Assignment 4
Instruction: Organize your answer in a word document and submit to Canvas. You can also take photos or scan your written answers and submit to Canvas.
Problem 1
Given the following training data. You want to build a regression tree to predict \(y\) from \(x_1\) and \(x_2\).
Points | \(x_1\) | \(x_2\) | \(y\) |
---|---|---|---|
A | 3 | 0 | 3.5 |
B | 2 | 5 | 3.7 |
C | 2 | 3 | 4.0 |
D | 0 | 0 | 2.5 |
E | 0 | 1 | 3.0 |
- Using the Residual Sum Squares (RSS) to decide the better split between
Split 1: Region 1: \(x_1 \leq 1\), Region 2: \(x_1 > 1\)
Split 2: Region 1: \(x_2 \leq 2\), Region 2: \(x_2 > 2\)

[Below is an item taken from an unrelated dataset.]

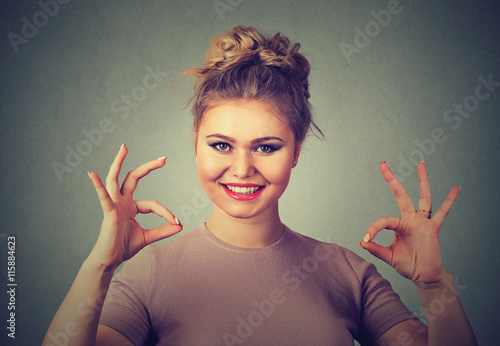 Fotografía Excited happy young optimistic woman giving ok sign gesture with two hands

Suppose that your regression tree contain only one split which is the best split in the previous question. Calculate the \(R^2\) of this regression tree on the training data.
Use your regression tree to predict the \(y\) for the below testing data. Calculate the \(R^2\) of the tree on the below testing data.
Points | \(x_1\) | \(x_2\) | \(y\) |
---|---|---|---|
F | 3 | 1 | 3.0 |
G | 1 | 5 | 3.6 |
H | 2 | 1 | 4.0 |
I | 0 | 2 | 3.9 |